納期回答画面400には、受注番号、顧客名、製品名、製品番号、数量、回答納期および更新日時などの情報が含まれる。受注番号、顧客名、製品名、製品番号、数量などの情報は、物品マスタ記憶部111に記憶された物品マスタ111aや部品所要情報記憶部112に記憶された受注テーブル112aから取得することができる。また、回答納期は、納期回答テーブル119aの最終試済予定日に基づき、配送に必要な標準日数などを加算して取得することができる。
納期回答画面400の例では、受注番号“OR001”に対して納期回答レコードから最終試済予定日“2009/9/17”を取得することができる。これに配送に必要な標準日数“1日”を加算して、回答納期“2009/9/18”が表示される。なお、配送に必要な標準日数などの諸情報は、納期回答情報記憶部119に予め格納される。
また、更新日時として、納期回答画面400の元とした納期回答レコードの生成日時を示すタイムスタンプが表示される。タイムスタンプは、各納期回答レコードを生成したタイミングで納期回答情報生成部143がその納期回答レコードに付与することが考えられる。例えば、製品製造会社20の社員は、このタイムスタンプを確認することで前回の納期回答確認後から納期の変更があったか否かを把握することができる。
図45は、各種データの収集から生産計画への反映を示す図である。管理サーバ100は、営業端末装置21、倉庫端末装置26およびライン端末装置200から新規受注情報、部品の在庫情報および発注した部品の製造工程における進捗情報の更新内容を収集する。
例えば、受発注品管理部120は、新たな受注入力や受注内容の更新入力を受け付けると、その入力に基づいて部品所要情報記憶部112に記憶された部品所要テーブル112bをリアルタイムに更新する。受発注品管理部120は、不足している部品や定期発注対象の部品などをサプライヤ40に発注すると、部品発注情報記憶部113に記憶された部品注残テーブル113aをリアルタイムに更新する。
また、受発注品管理部120は、倉庫端末装置26から倉庫25に対する部品の入庫があった旨を示す入庫情報を受け付けると、その内容に基づいて部品在庫情報記憶部114に記憶された部品在庫テーブル114aをリアルタイムに更新する。
更に、受発注品管理部120は、ライン端末装置200からサプライヤ40に発注している部品の製造工程の進捗情報(ゲート通過情報に対応する)を受け付けると、その内容に基づいて物品工程情報記憶部115に記憶された工程実績管理テーブル115eをリアルタイムに更新する。また、その結果、注残納期に変更が生じる場合には、変更後の納期を部品注残テーブル113aにリアルタイムに反映する。
部品引当処理部130は、部品所要情報記憶部112、部品発注情報記憶部113および部品在庫情報記憶部114が記憶する各データが更新されると、更新されたデータに基づいて、製品を製造するための部品の引当を行う。

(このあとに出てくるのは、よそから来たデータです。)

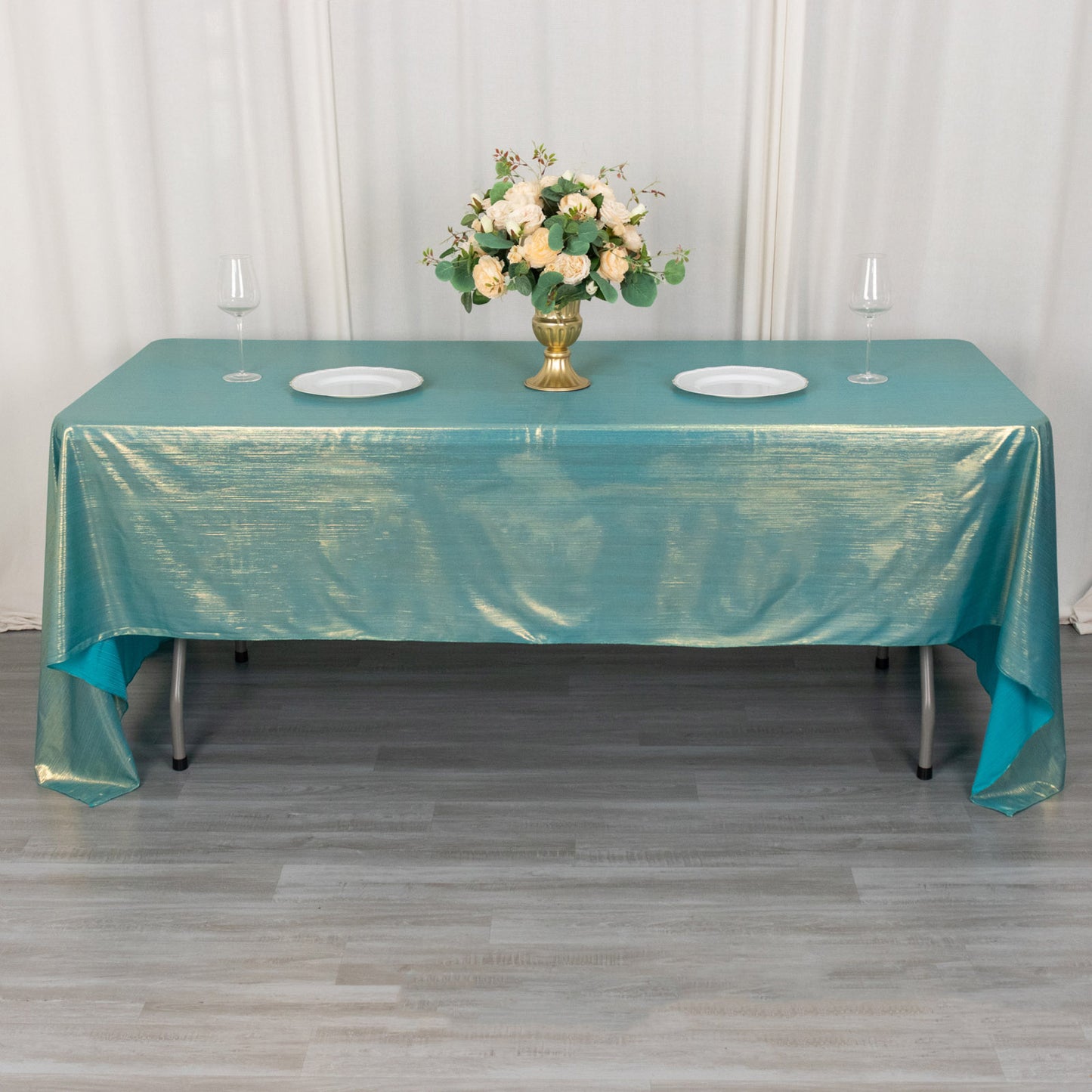 Shiny turquoise tablecloth with shimmer sequin dots on a dining table.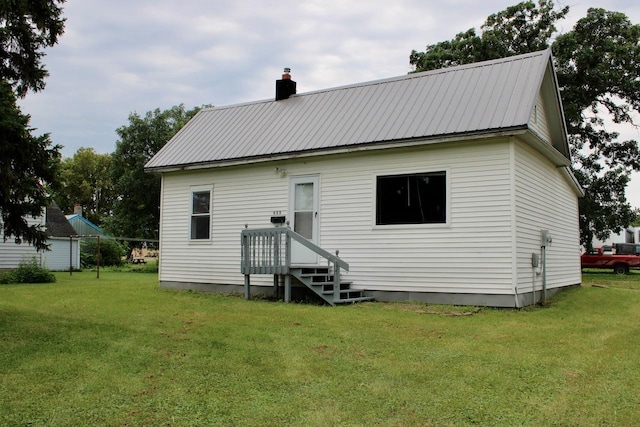 back of property with a lawn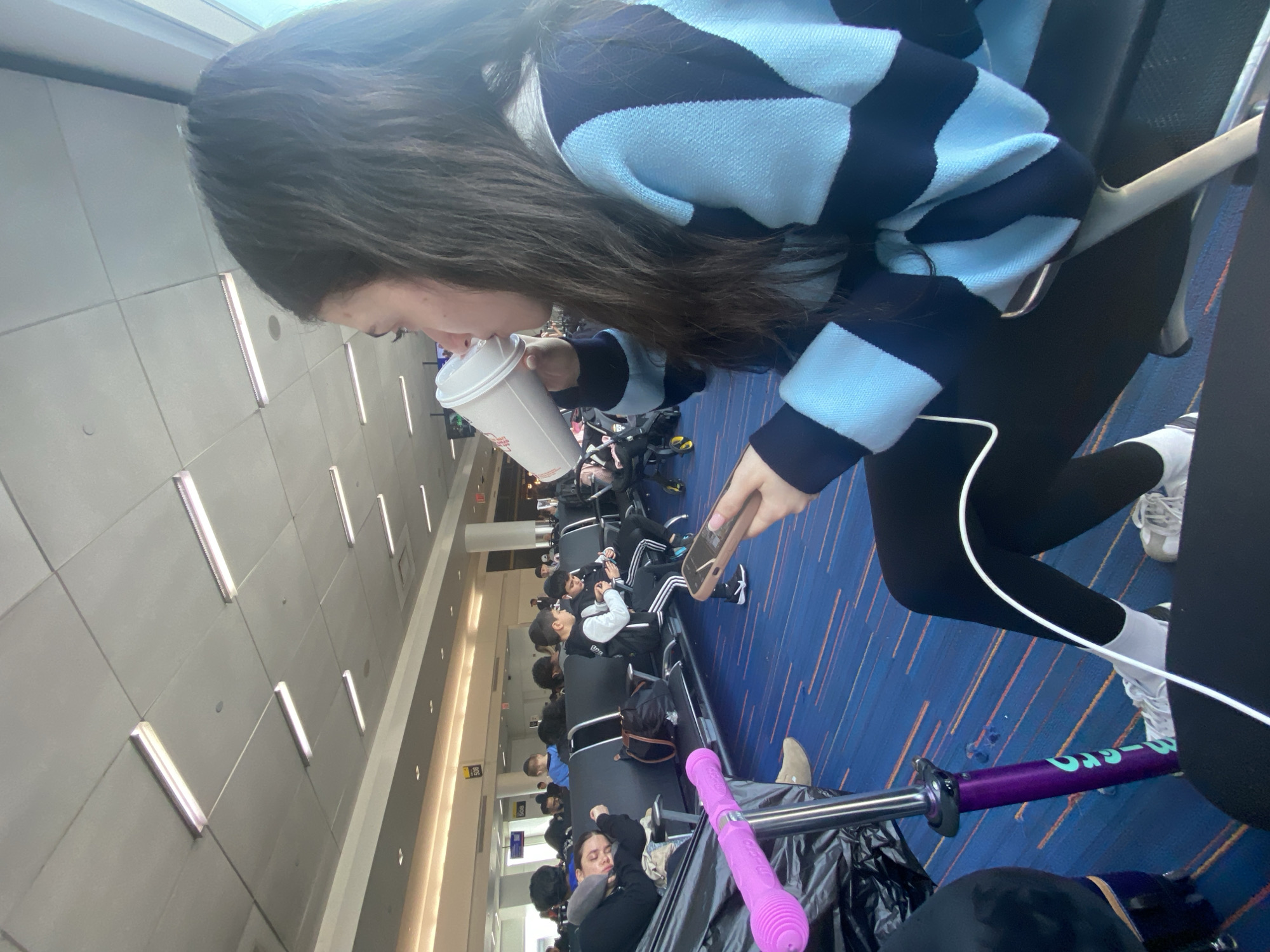 A woman with long, dark hair, wearing a light blue and dark blue striped sweater and black leggings, drinks from a white cup while holding a smartphone. She is sitting in an airport terminal, with a row of other seated people visible in the background. A purple scooter rests on the floor next to her. The location is the city of New York, United States of America.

そして、生産計画管理部140は、その引当結果に基づいて、製品の製造計画を管理するための製造計画管理テーブル118cや納期回答を行うための納期回答テーブル119aを生成することができる。
ここで、部品引当処理部130による引当のタイミングは運用に応じて変更することが考えられる。例えば、所定時間間隔で実行する、更新データが所定数だけ溜まったタイミングで実行する、何れかのデータで更新を検知したタイミングで実行する、などが考えられる。このようにして引当処理のタイミングを調整することで、システムの運用に際して求められる即時性(製造計画や納期回答情報などの更新頻度)を調整することが可能である。例えば、引当図番生成処理を実行する間隔を10秒、1分、10分などと変更して、業務部門全体に与える影響を考慮した環境構築が可能である。また、更新レコードの数が“100”、“200”、“300”溜まった場合などと変更して、管理サーバ100の引当処理の負荷を調整することも考えられる。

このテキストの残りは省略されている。